Recensione | Tra brani rarefatti e musica apparentemente cervellotica, ci viene dato un disco spontaneo, lontano da qualsiasi deriva concettuale. Romantico, quasi
Duecento copie realizzate a mano, ognuna numerata. Così Kein ha deciso di inaugurare in BLOOM, il suo primo full lenght prodotto dall’inglese Audiobulb Records. L’esperienza alle spalle, tuttavia, non manca: due EP pubblicati, Suburban Turntablism (2007) e Fondle (2009), oltre a svariate collaborazioni come sonorizzatore di videoartisti e come bassista in gruppi indie rock, punk, garage e chi più ne ha più ne metta. in Bloom riassume sostanzialmente tutte le esperienze passate di quest’italianissimo sound artist. Più soffuso nelle scelte melodiche, ma comunque elettronico nella sua matrice, le sette tracce del disco oscillano silenziosamente tra l’ambient e l’IDM (Intelligent Dance Music), movimento electro ormai conosciuto a livello internazionale più o meno consciamente grazie a uno dei suoi padri fondatori, tale Richard David James (per gli amici Aphex Twin). Come recita il nome, l’Intelligent Dance Music, chiamata anche Braindance, non si dedica soltanto al coinvolgimento fisico, ma -soprattutto- a quello cerebrale, connettendo direttamente i nervi e le sensazioni a una data atmosfera. Per i maligni, questa musica viene catalogata come sciocco e ripetitivo sottofondo a qualche pretenziosa installazione dinamica in musei d’arte ultracontemporanea che in tanti visitano ma solo dall’esterno. Per i più benevoli e accorti, è spesso un ottimo accompagnamento riflessivo.
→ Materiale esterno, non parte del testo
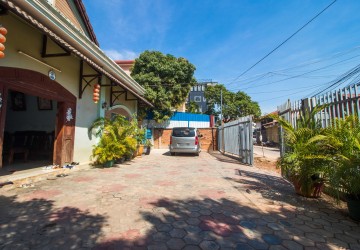  3 Bedroom House For Sale - Night Market Area, Siem Reap thumbnail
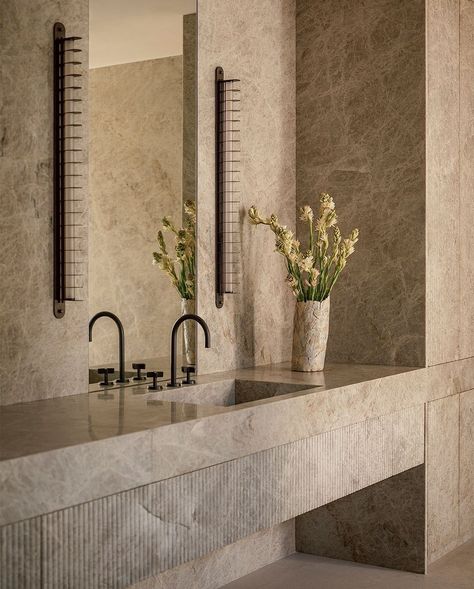 Runner Photography, Luxury Spa Bathroom, Restroom Design, Watermark Design, Steam Shower, Deco Architecture, Bathroom Design Inspiration, Bathroom Inspiration Decor, Art Deco Architecture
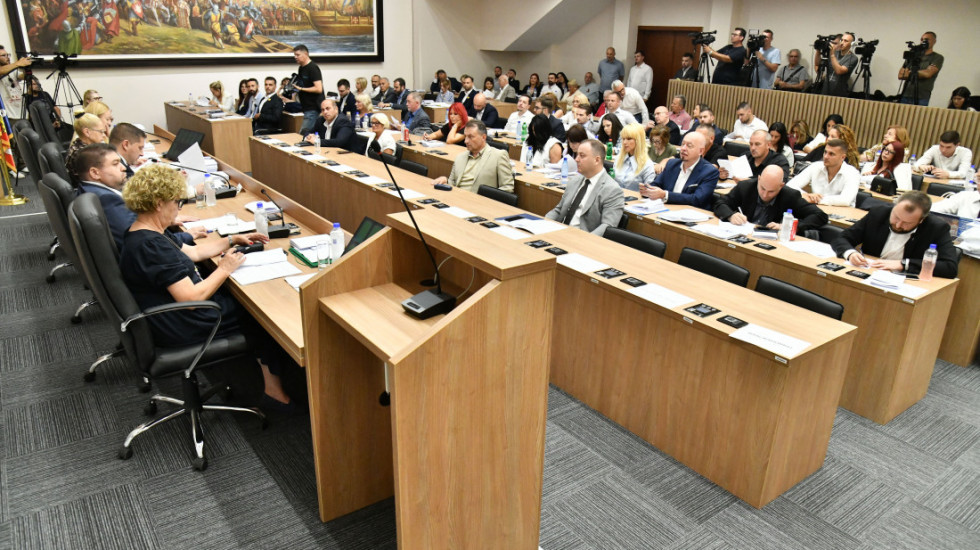 (FOTO) Skupština Beograda usvojila rebalans budžeta za 2025. godinu, predviđeno 204 milijarde dinara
in BLOOM, come tutte le altre opere affini al genere, nella sua immediatezza richiede concentrazione d’ascolto necessaria e sufficiente a dare una forma al percorso sonoro, a rendere i colori di quel che si ascolta più nitidi. Come ha dichiarato l’artista stesso, «più che un vero e proprio album, lo si può considerare una raccolta di stati d’animo, di esperienze di viaggi e di vita vissuta». Sette momenti cristallizzati in un lasso di tempo relativamente breve, osservati dalle nostre orecchie attraverso un vetro traslucido fatto di suoni opachi e spesso indefiniti. Come Untitled, l’apertura del disco, nominata così apposta perché offre una libera interpretazione degli snodi melodici. Un brano composto nello scompartimento di un treno, con fuori dal finestrino nulla di determinato o che tu possa prevedere di ritrovarti sotto al naso. Interessante il confronto, verso la fine dell’LP, tra Londra e Berlino con la coppia Brixton Rd. vs Ostalgie, dove al chiacchiericcio e alle atmosfere fredde della prima si contrappone una maggiore dinamicità della seconda, pervasa comunque da una malinconia di fondo alla ricerca di colori caldi. Look after me esprime il suo bisogno di sicurezza attraverso un equilibrio formale, dove si bilanciano armonicamente il ritmo, la melodia e le distrazioni di qualche glitch un po’ sghembo ma mai troppo calcato. Mentre In Bloom inquadra, come da titolo, il disgelo e l’inizio di una rinascita in timelapse, il grigio che lascia gradualmente spazio al colore. La chiusura è affidata a Sugar e Isländische, che uno dopo l’altro squarciano il finale prima con ritmi regolari e a tratti ossessivi, infine sempre più affastellati e sporcati da intrusioni rumoristiche.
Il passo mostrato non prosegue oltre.